Each line of the data below should be restated exactly, with images left out.

RECORDED INFORMATION below:

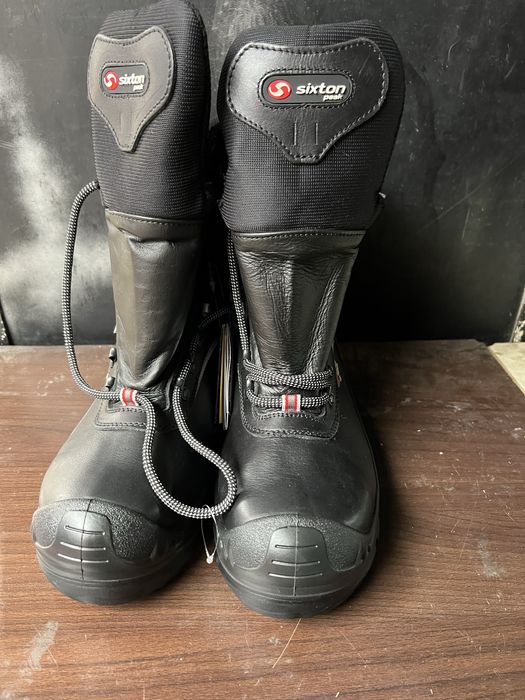 Vand bocanci protectie Sixton marimea 42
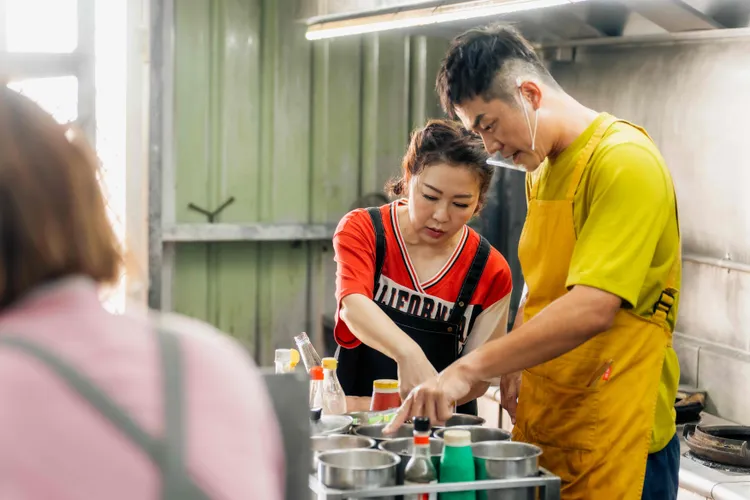 張秀卿（左）和姚元浩做菜。好看娛樂提供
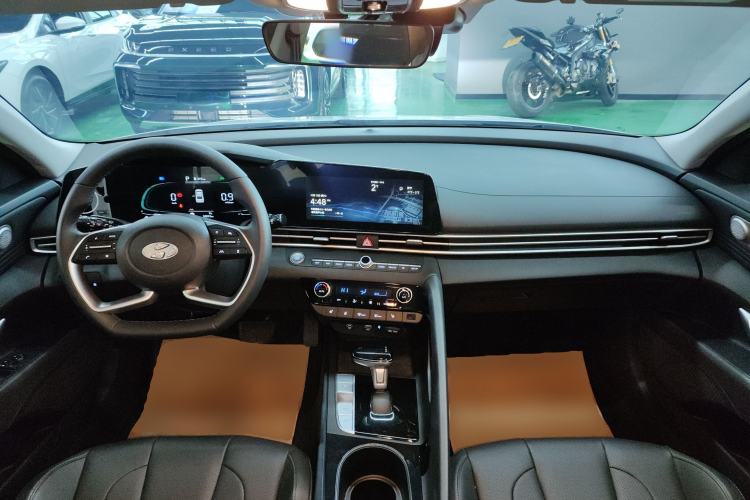 Used Hyundai Elantra 2023 1.5L CVT LUX Prestige Edition Center Console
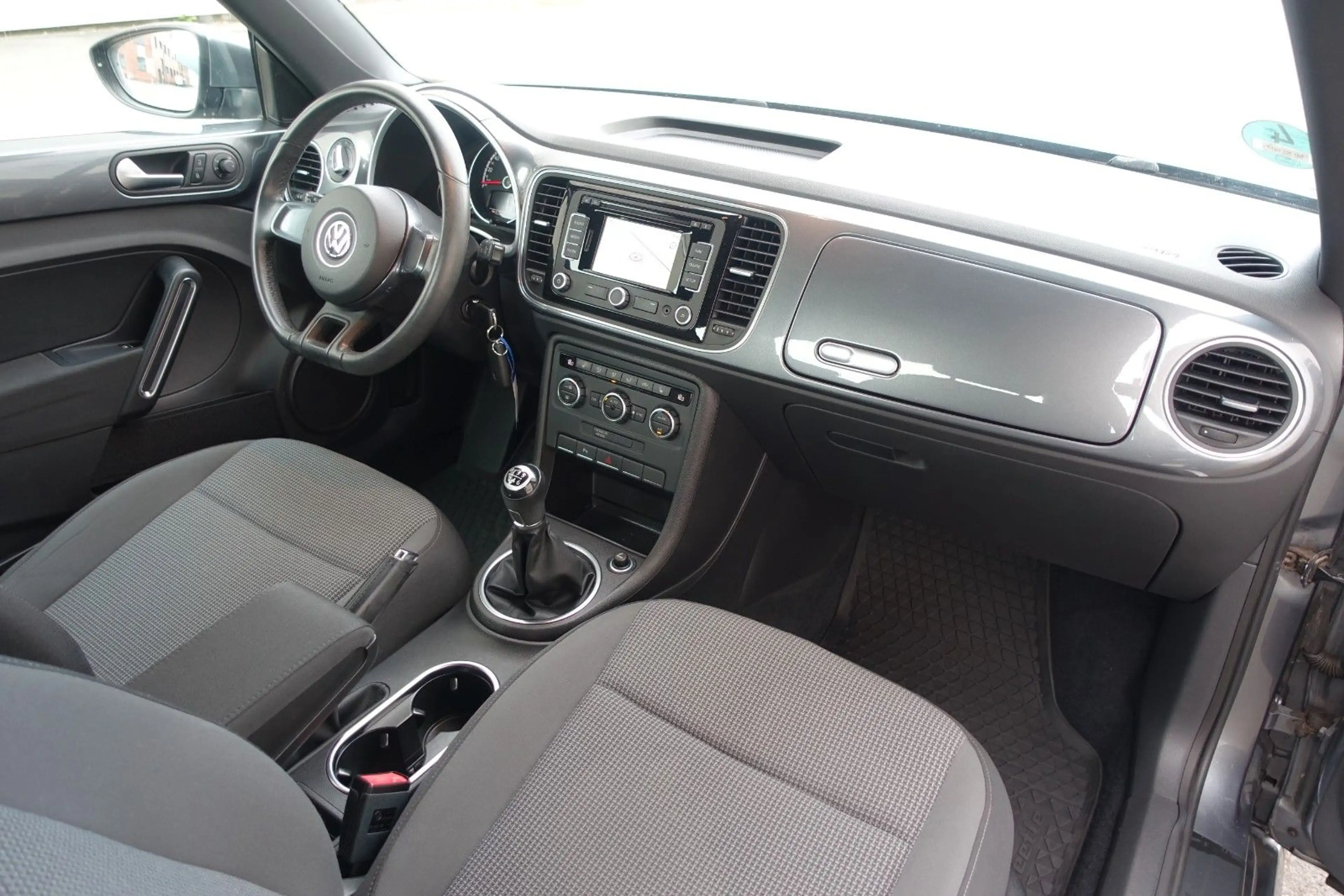 Volkswagen Beetle Lim. Design*NAVI*SHZ*PDC*TEMPOMAT*79.334K — photo 14
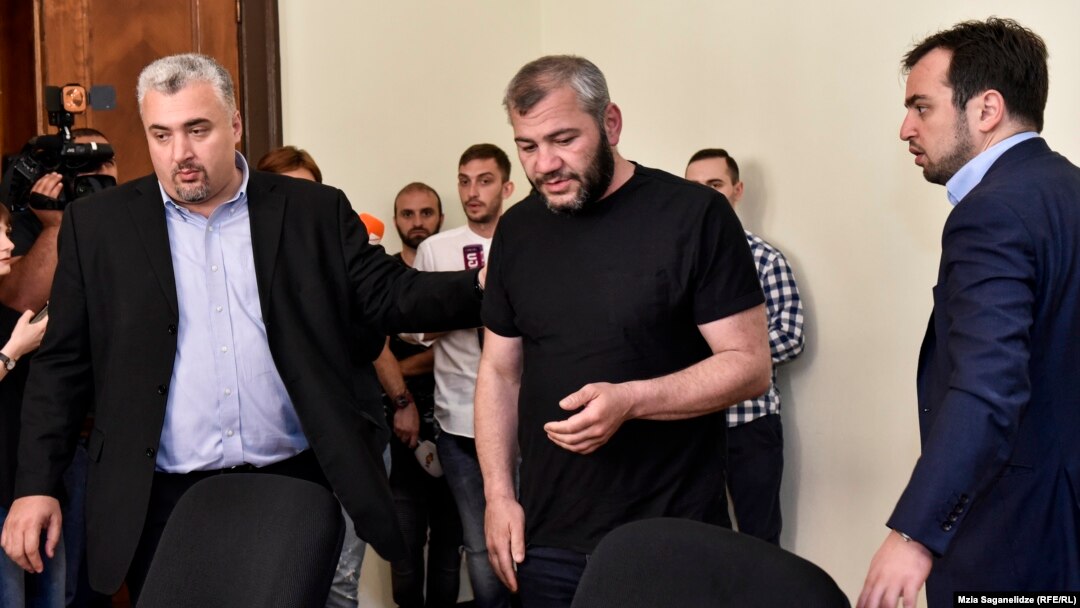 Сопереживать родителям по поводу утраты сыновей могла вся Грузия – заседание комиссии транслировалось в прямом эфире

End of RECORDED INFORMATION.

- [OUTPUT OF THE EXERCISE]
 Vand bocanci protectie Sixton marimea 42
 張秀卿（左）和姚元浩做菜。好看娛樂提供
 Used Hyundai Elantra 2023 1.5L CVT LUX Prestige Edition Center Console
 Volkswagen Beetle Lim. Design*NAVI*SHZ*PDC*TEMPOMAT*79.334K — photo 14
 Сопереживать родителям по поводу утраты сыновей могла вся Грузия – заседание комиссии транслировалось в прямом эфире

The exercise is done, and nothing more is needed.